Recorded information Block Start

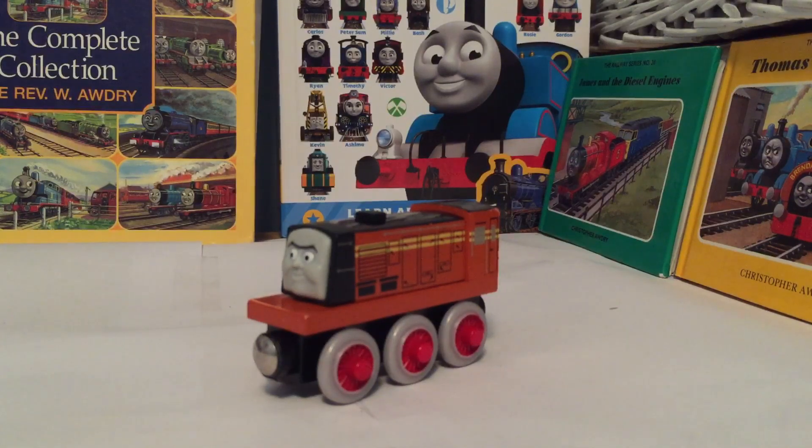Anyway, there are 10 days until Christmas, and thank you for watching this Countdown to Christmas review. Thanks for watching everybody, have a great day. Max and Rocky, 15 and 16, signing out.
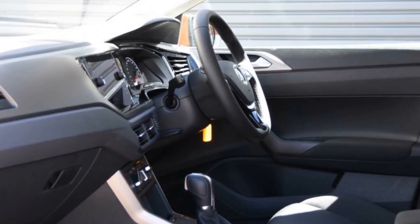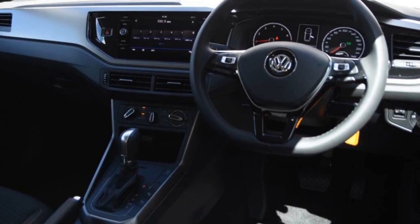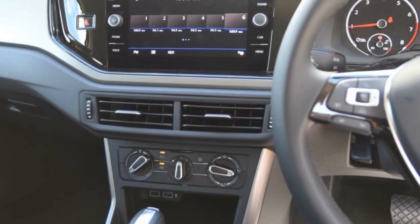If you're looking for a first-rate vehicle, this could be yours today. Our website offers more information on all of our vehicles. Contact us today.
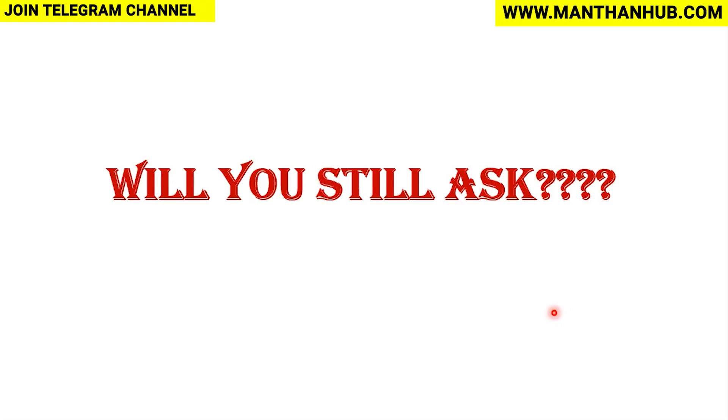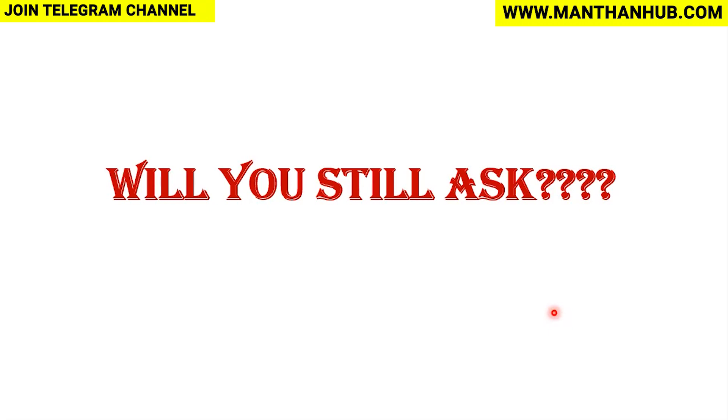After listening to all this, which must be new, surprising, and shocking for many of you — but you need to know — so that you do not need to ask the question: can excessive masturbation cause erectile dysfunction in men? With this scientific knowledge, you are now able to answer this question yourself. You have the power of knowledge to know what is really happening.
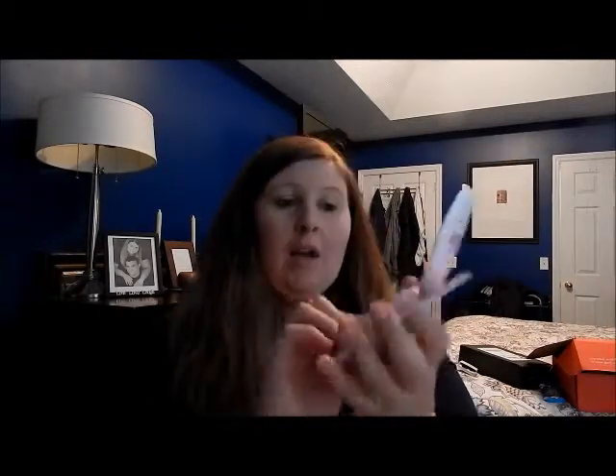I also got the Ready Set Gorgeous powder, which I've already used, and my first impressions are that I'm liking all of the products. I've already tried all of them out a couple of times and I'm really liking them together — I'm wearing them all together.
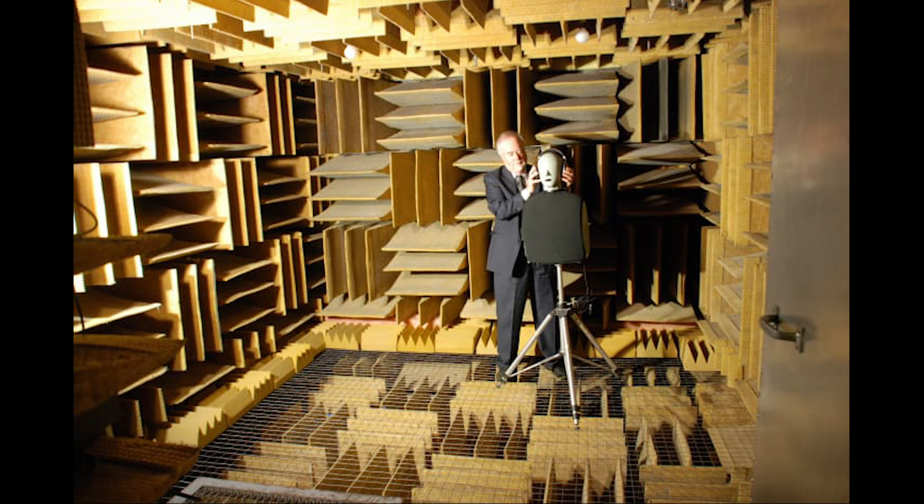There are many types of otoacoustic emissions, even ones that happen spontaneously. If we put someone in a very quiet room and stick a microphone in their ear, we may hear some of these spontaneous otoacoustic emissions. The classification of otoacoustic emissions is still evolving as we learn more, but given their close relationship with music, we'll stick with distortion product otoacoustic emissions today.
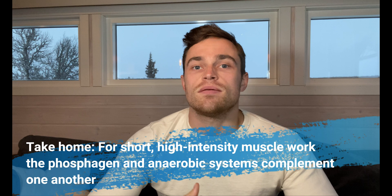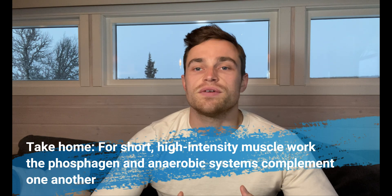Having the phosphagen system working in tandem with the anaerobic system yields a high amount of available ATP in a short period of time. It is for this reason that supplementation with creatine allows gym goers to hit an extra rep or two each time they train, as opposed to when their creatine stores are depleted.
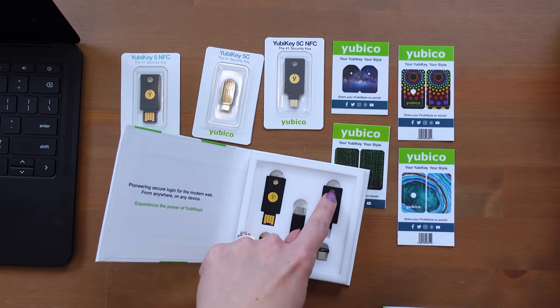YubiKey has a great comparison graph on their website so you can compare all the different offerings in case you're not sure which one to get. Most consumers will want a Series 5 YubiKey — there are also some certified for government use, but I'm sticking with Series 5 here. Now I wanted to give you a demo to show how easy it is to set one of these up. Since most of my devices are USB-C but I also have an iPhone, I'm using the 5Ci for this example.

Recorded information Block End

- [What this task involves]:
From the first line of the entries above down to the line holding "If you're looking", quote each line exactly and nothing else, skipping pictures.

- [Task result]:
Anyway, there are 10 days until Christmas, and thank you for watching this Countdown to Christmas review. Thanks for watching everybody, have a great day. Max and Rocky, 15 and 16, signing out.
If you're looking for a first-rate vehicle, this could be yours today. Our website offers more information on all of our vehicles. Contact us today.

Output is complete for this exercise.